Productive forces of production are a social theoretical category that defines the living conditions of an entire population in a concrete historic moment, in relation to the material possibilities that are available. These possibilities depend on the level of scientific and technical development, i.e. the productivity (performance of labor). Therefore, the identification of the productive forces of production as productivity is completely erroneous, given that productivity is only a necessary condition for the development of productive forces but not a sufficient condition to reach the forces of production—.
Capitalism made possible an enormous development of the forces of production in its first historic period through primitive accumulation- ascendent capitalism- materialized in industrialization, urbanization, the great modes of transportation, and the creation of the working class.

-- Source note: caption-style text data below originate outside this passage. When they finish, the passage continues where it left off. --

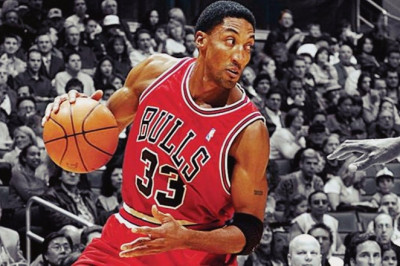 Scottie Pippen || Criminally Underrated || Career Highlights Mix
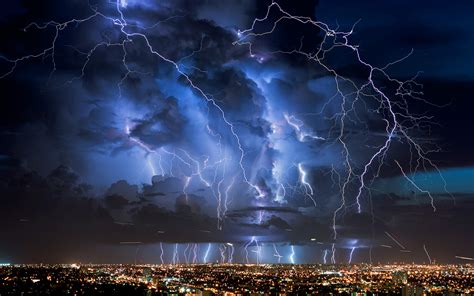 36 Hd Lightning Storm Wallpapers Wallpapersafari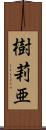 樹莉亜 Scroll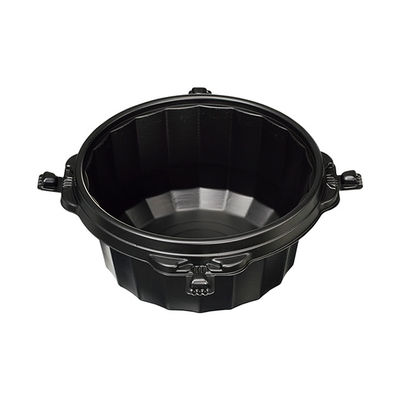 どんぶり容器 4点止めどんぶり RBC-03 本体・蓋 セット 300枚(50枚×6) 54344 1ケース(300枚入(50枚×6袋))（直送品）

Of course, it was not nor could it had been an idyllic development nor could it had been so in the case of a classist society (it was based on the exploitation of labour and colonial pillaging, and the genocide of the indigenous populations of Africa, the Americas, etc.).
In capitalism’s highest and last historic stage- imperialism- since the start of the twentieth-century, there are more and more tensions related to the productive forces of production, as shown by crises and wars, until the point at which there are no new systematic developments of the forces of production under capitalism, but rather on the contrary, there is a growing systematization of capitalism’s destruction (particularly captured, in addition to wars and crises, in the devalorization of labour-power; also in the destruction of the natural environment).
The development of the productive forces of production is, in short, the control of nature by humanity materialized in the sustained betterment of the living conditions of the entire population. Therefore, the discourse around development and underdevelopment is about the development or lack of development of the productive forces of production.